Boy, am I confused. :doh: Just fired up my Sasieni Canadian with Old Dark Fired and was all ready to scribe my review, came here to start typing only to discover I'm smoking the wrong stuff! 

"I'll be back." -- Terminator I


----------



## freestoke (Feb 13, 2011)

Well, here I am at last. Xodar sent me my first 1792, shortly after my arrival on puff, but only recently have I smoked much of it. I had a few ounces of 1792 in my tobacco drawer, but couldn't find them in time for the review. Honest, I looked! (This bears only a superficial similarity to, "The dog ate my homework.")

The other day, I spotted a jar of it in the drawer and immediately began smoking it. Yesterday, I remembered I'd never done my review! ("I overslept and missed the bus, Dr. Stickler. Any chance for a make-up test?")
Sam Gawith makes wonderful pipe tobacco, and 1792 is as good as any they offer. A rather large gauge flake, it smokes more efficiently when thoroughly rubbed down to a standard fill, but, with a little extra squeezing and rolling around, it makes a decent musketball for an air-pocket load. Rubbed out, it starts easier and requires fewer relights, but requires more work, so I tend to musketball it most of the time, like now.
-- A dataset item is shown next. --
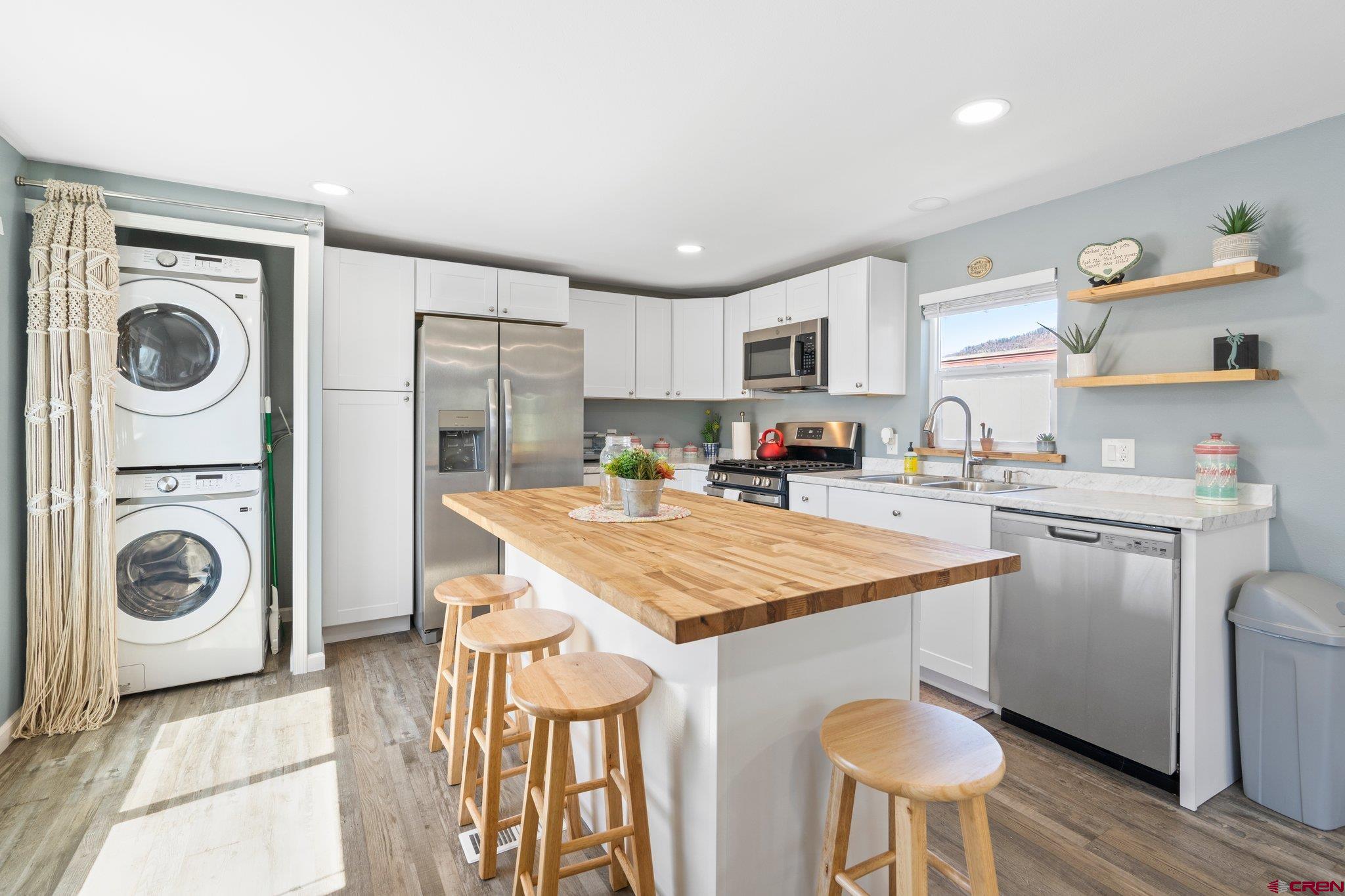 31722 Highway 550, Unit 55 Durango, CO 81301 - Photo 4 of 20 a kitchen with a stove a sink and a refrigerator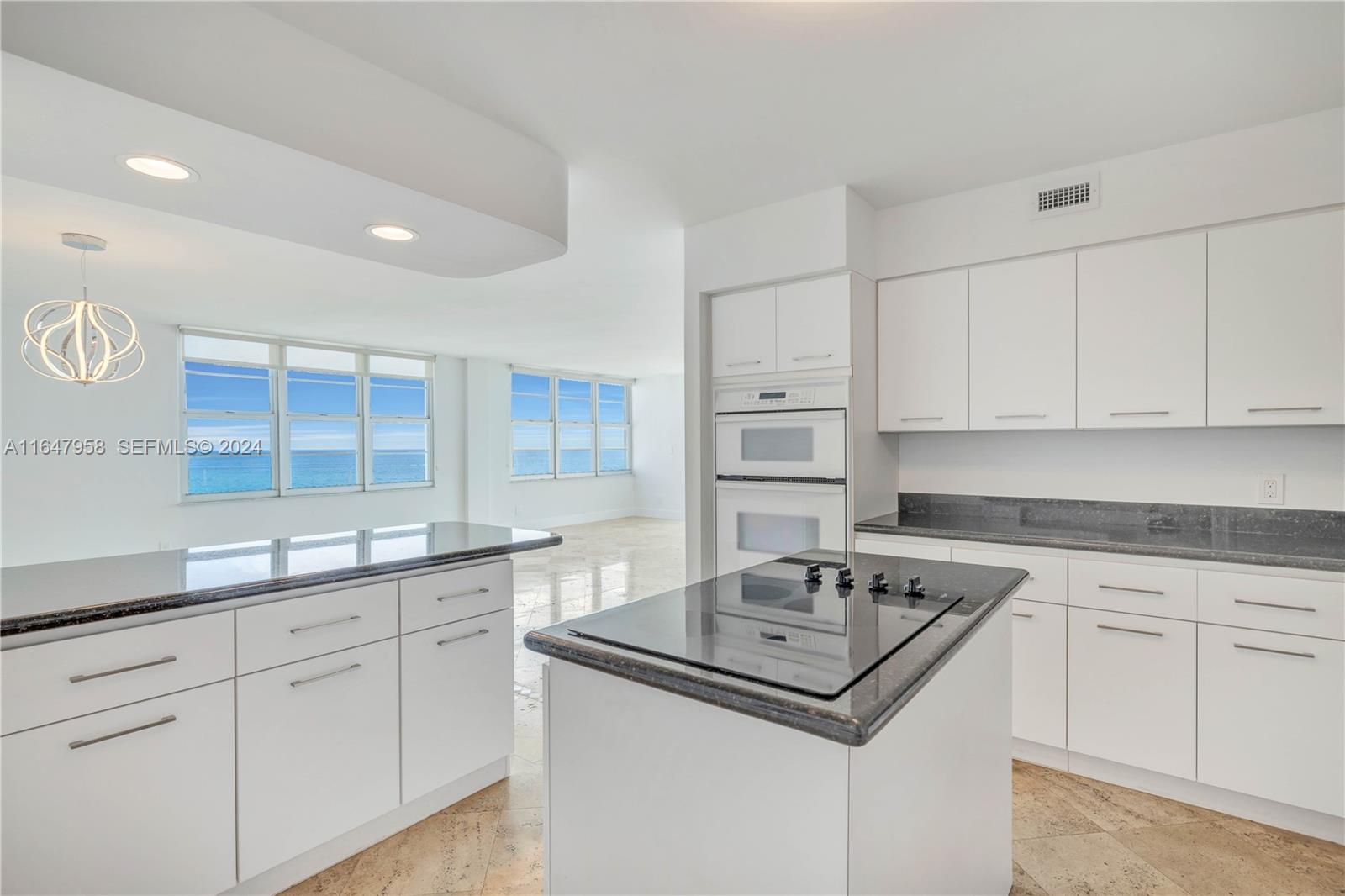 5151 Collins Avenue, Unit 1627 Miami Beach, FL 33140 - Photo 11 of 28 a kitchen with kitchen island granite countertop a sink white cabinets and white appliances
After half a dozen lights and tamps with the big wooden tamper, the top is smooth and the ball compressed to a perfect draw, a solid cherry smoldering in the bowl, easily and quickly damped into volumes of smoke.

A musketball uses less tobacco, because the air pocket is empty, and in effect this Four Dot apple is only half filled. Already, I've reached the meat of the smoke and sense the end draughting near, but half an hour is fine for such a stout, satisfying smoke. Rubbed out, it would last a solid hour in this pipe, but I can always reload! And will! When returning to a room where I've been smoking it, I enjoy the room note, which I assume to be tonquin bean. I don't notice the whiskey so much, and for the life of me cannot find any "objectionable" Lakeland essence in it. Early on, 1792 has a spiciness to my taste, almost perique-like, but once good combustion sets up, the smoke turns almost creamy, rewarding the snork with a full tobacco taste.

Not for the nicotine sensitive, but I would recommend that if you are, toughen up! The bunny slope might be an enjoyable little ski, but the real skiing is farther up the mountain.


----------



## splattttttt (May 17, 2012)

Nice! And the reading is 1st class


----------